Lunch Time Concert – Primavera Chamber Ensemble
Free for students, staff and the local community
On Wednesday 9th November, the wonderful Primavera Chamber Ensemble returned to St Gregory’s Centre for Music for another academic year to warm us on a cold autumn day with a beautiful programme of music with a Hungarian theme; pieces by Pärt, Haydn, Beethoven.
The ensemble consists of incomparable musicians Michael Dussek (piano), Paul Manley (violin) and Andrew Fuller (cello) who have been playing together since 1986. They have performed at major festivals at home and abroad, and appeared in two TV series entitled Music in Mansions for ITV (Meridian). Commissions have included works by Gavin Bryars, Phillip Glass, Malcolm Lipkin and Paul Patterson which have been performed on the South Bank and the Wigmore Hall.

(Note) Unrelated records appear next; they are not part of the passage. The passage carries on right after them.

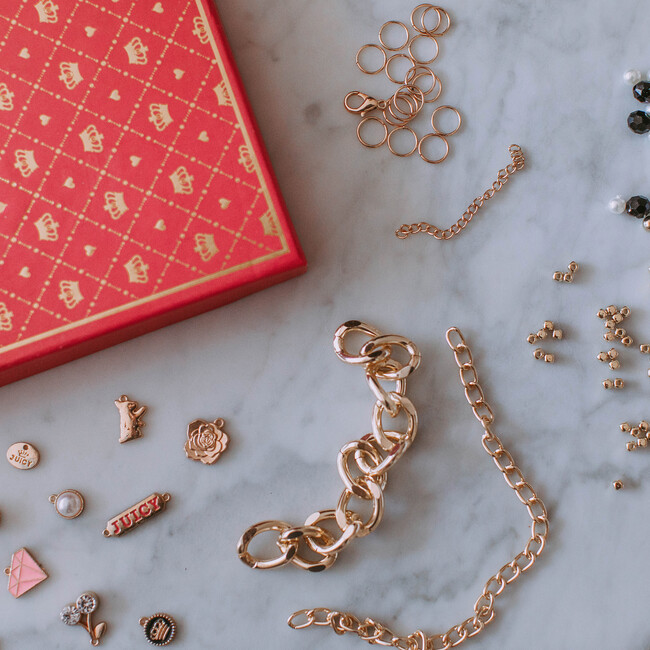 Juicy Couture Chains & Charms - Arts & Crafts - 5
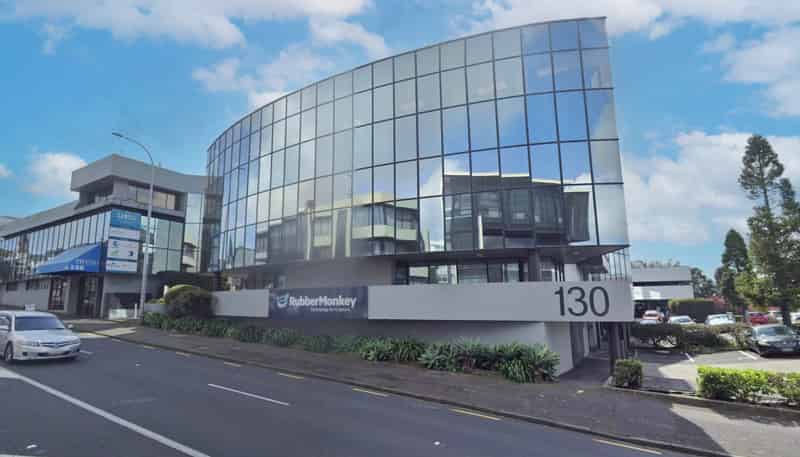 Level 4/130 Khyber Pass Road, Grafton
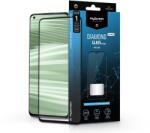 MyScreen Protector Diamond Glass Lite Edge2.5D Full Glue Realme GT 2 edzett üveg képernyővédő fólia fekete kerettel (LA-2197) (LA-2197) (LA-2197)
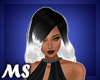 MS Macy Black-White
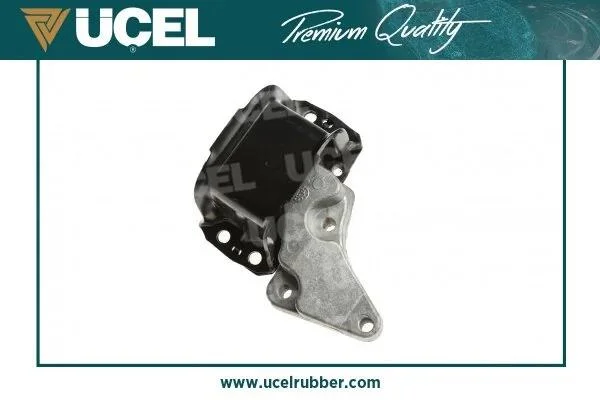 Подушка двигателя (R) Citroen C4/Peugeot 307 1.8i/2.0i 16V 00- UCEL 41596 (фото 1)
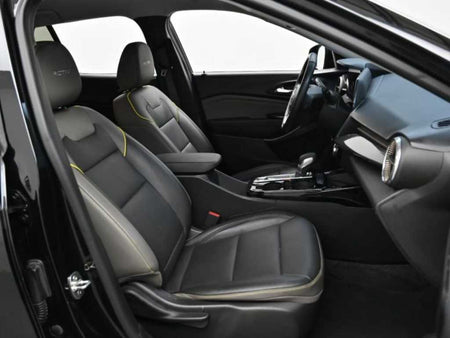 CHEVROLET Trax — photo 10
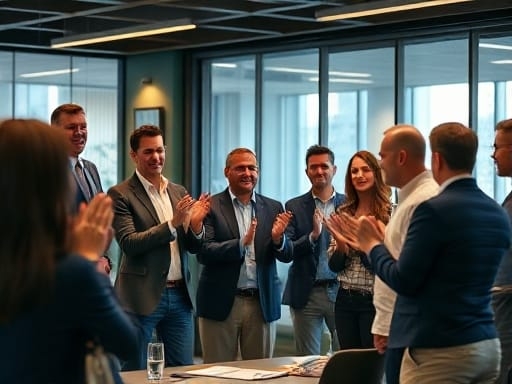 Matching award value to years of service without creating inequality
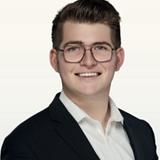 Photo of Lucas Redfern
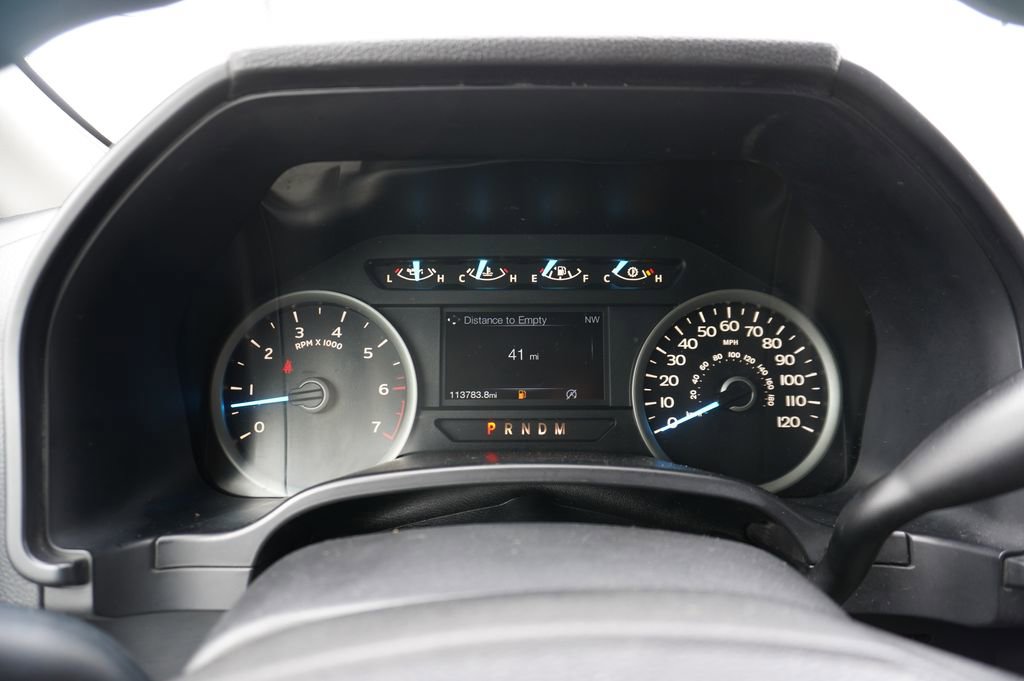 Used 2018 Ford F150 XLT w/ XTR Package image 15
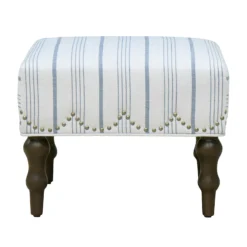 Grace Mitchell Olivia Scalloped Ottoman 5 Grace Mitchell Olivia Scalloped Ottoman -Hot Sale Furniture Shop grace mitchell olivia scalloped ottoman 2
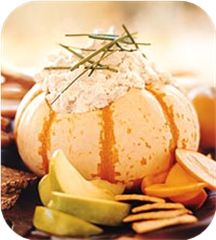 Blue Cheese Ricotta Dip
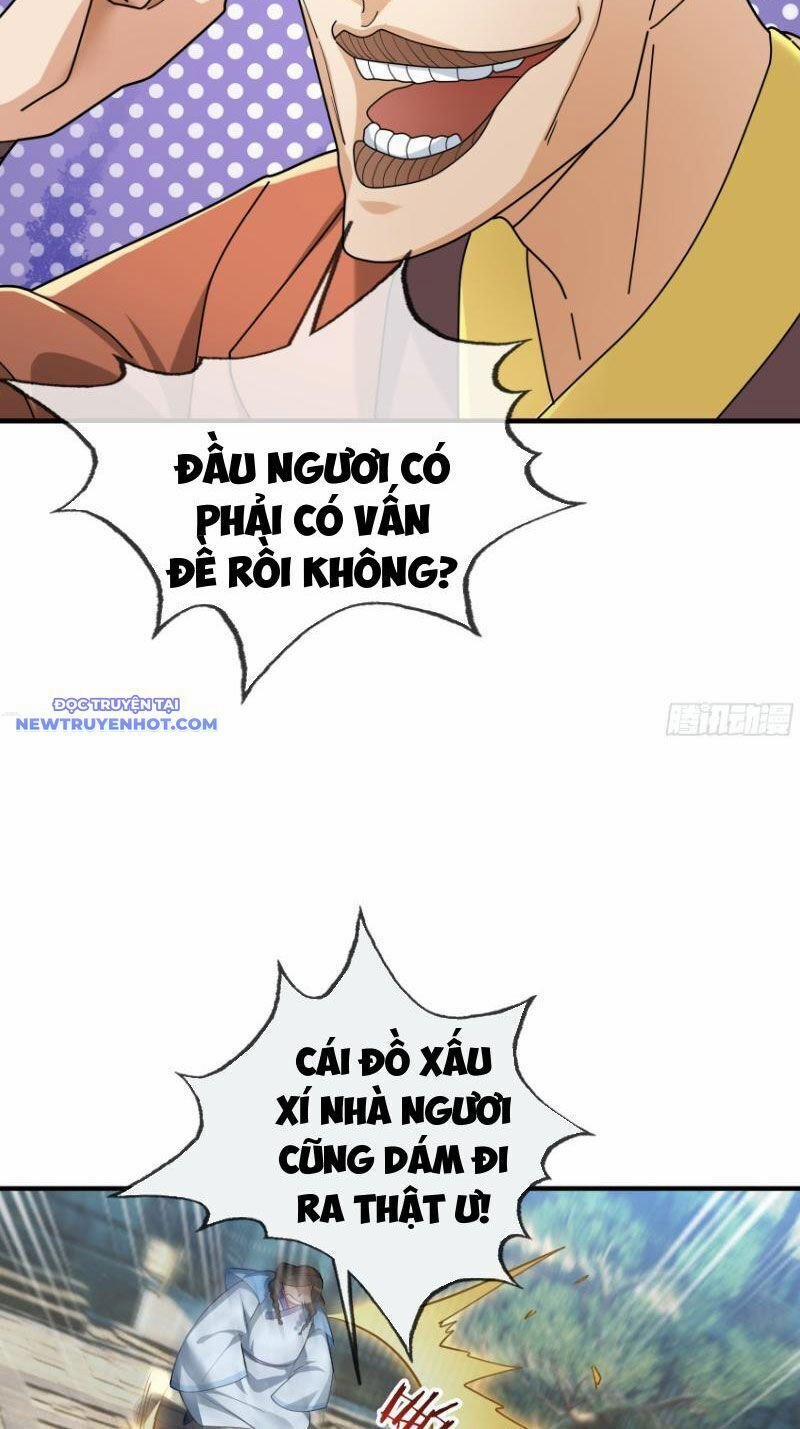 Ngủ Say Vạn Cổ: Xuất Thế Quét Ngang Chư Thiên 23 trang 34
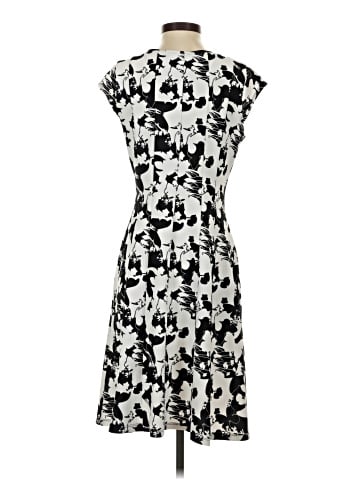 Elle Cocktail Dress (view 2)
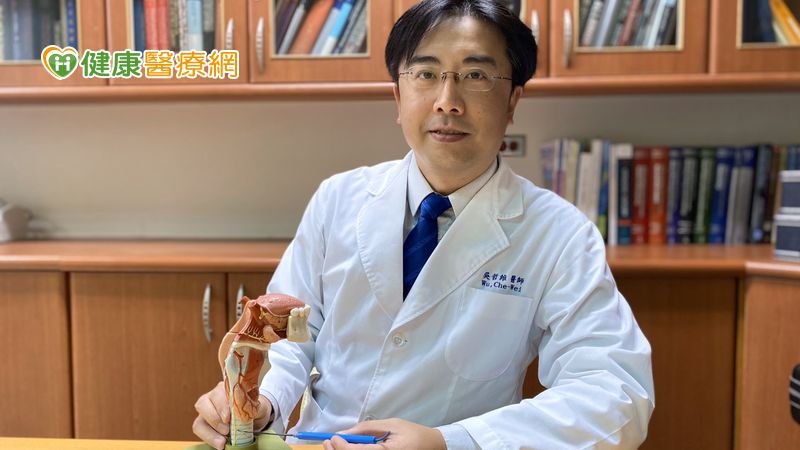 脖子腫是甲狀腺出問題？術中導航降損傷風險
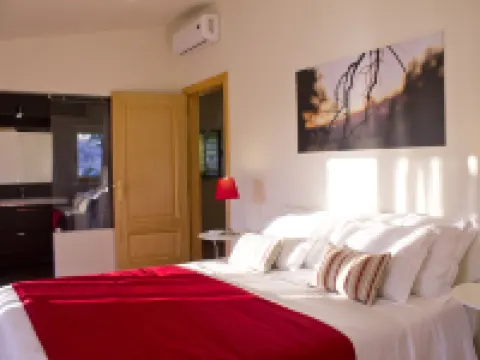 Vale de Ferreiros Hotels in Abrantes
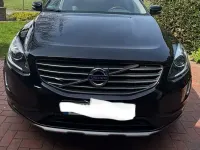 Gebraucht Volvo XC60 Summum 150 PS (110 kW) 2016 Schwarz SUV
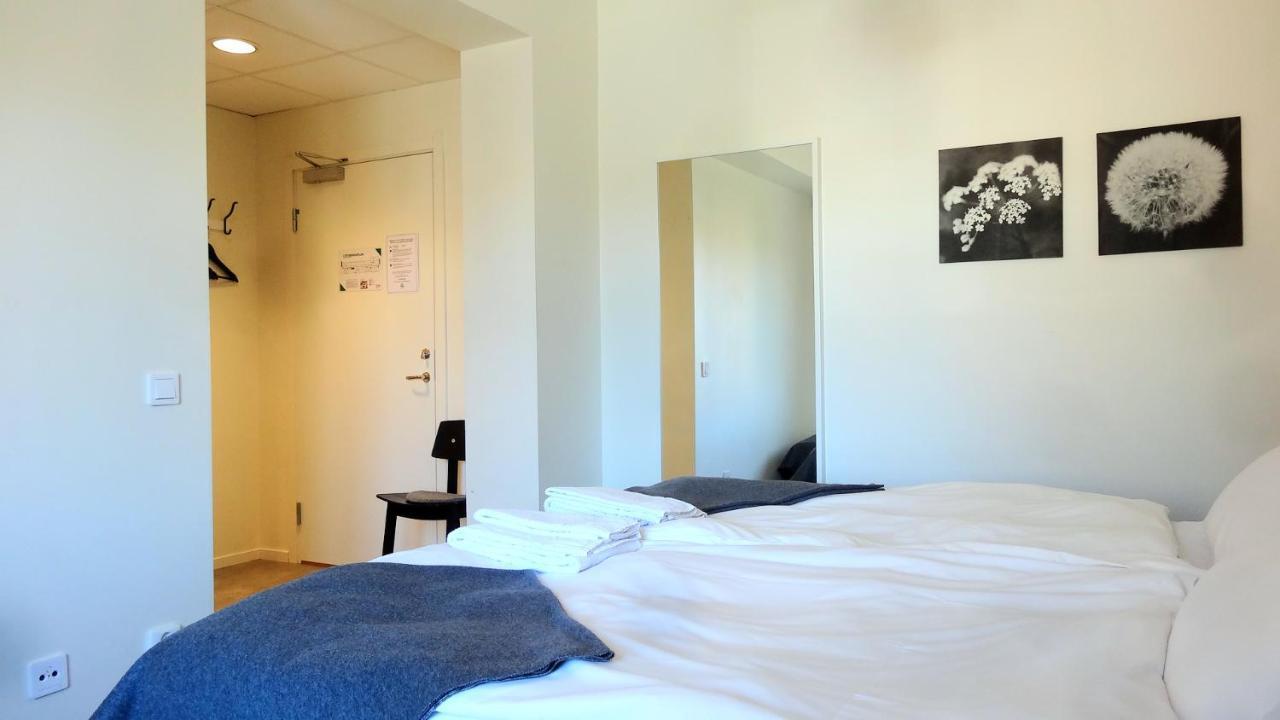 Le Mat B&B Åkersberga Εξωτερικό φωτογραφία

Performances abroad have included concerts at the Vasto, Parma, Emilia Romagna and Sadurano Festivals in Italy at the Almera Festival in the Netherlands and at the Ljubljana International Music Festival.
In a slight change to the order of the written programme, the trio began with Joseph Haydn’s Piano Trio in G Major, also known as the Gypsy Rondo. The composer wrote some three dozen piano trios, including one fascinating example with two obbligato horns. The ‘Gypsy Rondo’ was composed in England in 1795, shortly before he returned home after his second extended visit to London. Haydn‘s trios were always piano-based, though the strings won ever-greater independence in the later works. Haydn is known to have appreciated English piano makers. On 27 April 1792 the Morning Herald published an open letter from him in which he describes Charles Clagget‘s pianos as ‘perfect instruments’.
The piece opens with a set of variations on a tender theme with delicate chromatic harmonies, the variations alternating between major and minor modes. The slow movement, in the totally unexpected key of E major, is nevertheless peaceful and has a simplicity that only the greatest composers can achieve. Finally comes the riotous gypsy movement. Research has spared no effort to trace the original melodies, with some success. Haydn would have heard gypsy music from visiting bands, one of which can be seen in a 1791 engraving of Eszterháza castle. Their intoxicating music was used (assisted by the local Tokay wine) to entice illiterate peasants into putting their mark on a paper conscripting them into the army.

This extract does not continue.